Monday 15 April 2019

Two Coots enjoyed a splashy fight on the Serpentine.

Mateusz at Bluebird Boats has been observing Coots building nests in odd places. Here is his close-up of the nest on a sunken pedalo that I photographed earlier from the far side of the lake.

Near it a Coot has nested on a lifebelt.

And this one keeps trying to nest on the boat platform, in spite of its attempts being destroyed every morning when the platform is jet washed.

It would not be kind to let the Coot complete the nest, because the chicks would fall off the platform into the lake and not be able to get back. One year Mateusz made a little ramp for them to get up, but they didn't understand what it was for.

Now that two pairs of Great Crested Grebes have nests at the east end of the island ...

... and the west end ...

... the non-sitting birds can amuse themselves by chasing each other up and down the intervening space trying to claim more territory.

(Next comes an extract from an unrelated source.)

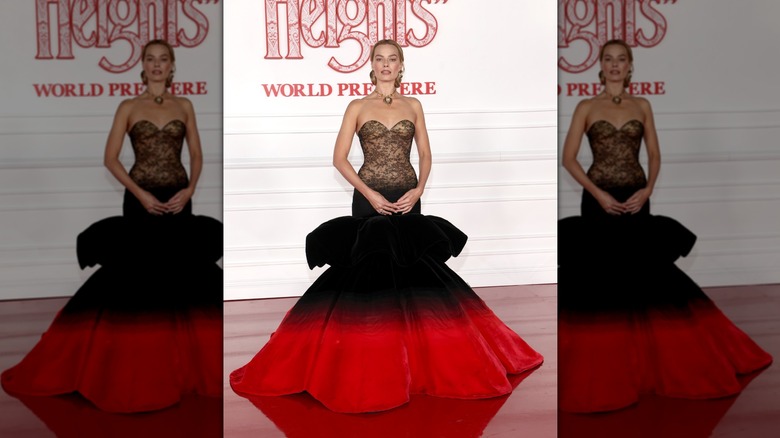 Margot Robbie on the red carpet in a strapless down with an exaggerated trumpet skirt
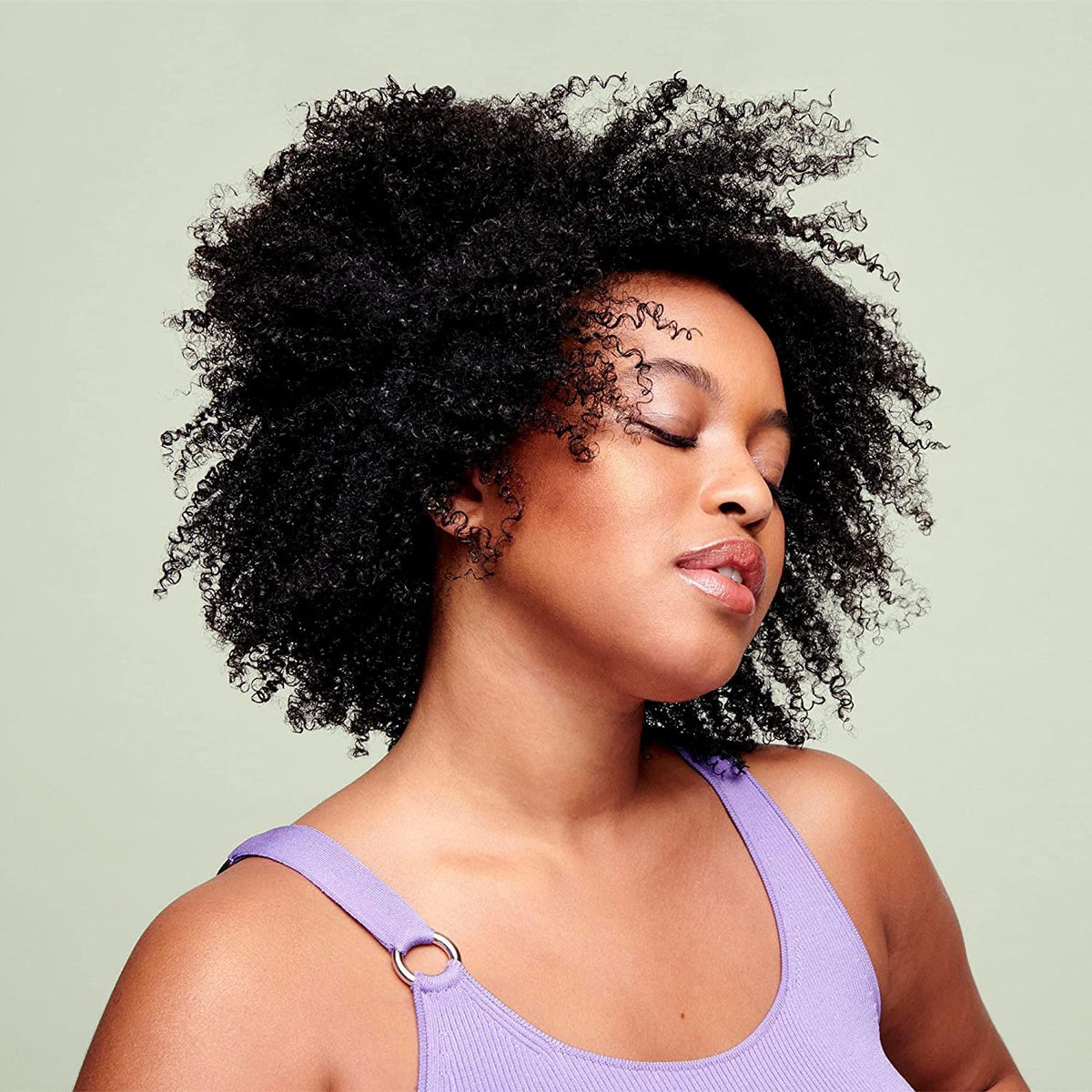 DevaCurl applied to wet curls for easier detangling and definition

It achieves nothing, and the invisible frontier remains halfway along the island.

The Canada Geese which tried and failed to nest on the Mute Swans' little island in the Long Water have settled for a site on the bank. One was pulling up grass stems to make the nest more comfortable.

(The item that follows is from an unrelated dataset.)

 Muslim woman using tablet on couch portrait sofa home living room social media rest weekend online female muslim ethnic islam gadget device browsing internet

Joan Chatterley visited St James's Park, where the Black Swans still have one cygnet, now visibly larger.

Common Pochards are normally winter visitors, but a little flock has turned up on the Serpentine.

The two pairs of Mandarins remain on the Serpentine, and it looks as if the females are now nesting in trees, as only the drakes can be seen.

They come here from the Regent's Canal where there is a fair-sized flock. Here is a group of drakes photographed there by Jon Ferguson.

Jon also took this picture of a Cormorant on the canal. The water may be murky but it is full of fish.

A Blackbird ...

... and a Starling eyed the camera suspiciously.

The Little Owl near the Albert Memorial was out on the branch that has her nest hole.

The rabbits on Buck Hill have almost been wiped out by foxes and myxomatosis, but there was a pair in good spirits this morning.


  1. I know it is mid-April by now, but I always found the character of the March Hare very funny. Hares and rabbits really do act mad.

    When one is as indefatigable and stubborn as a Coot, intelligence is overrated, I guess.

    1. The most successful Coot nests are not these, but the ones hidden under waterside bushes, unseen by gulls and humans until the young emerge.

  2. Brilliant photos as ever😊
    Where is the sunken pedalo? It is an amazing nest/ house/ building/fortification as always but even by their standards there are a lot of large twigs!
    I do believe coots are the engineers of the the bird world... who knows ..... maybe Brunel came back as a coot and instructed them all how to build!!!!!

  3. The sunken pedalo is midway along the south side of the island, viewable only from the far shore of the lake with binoculars or a long lens.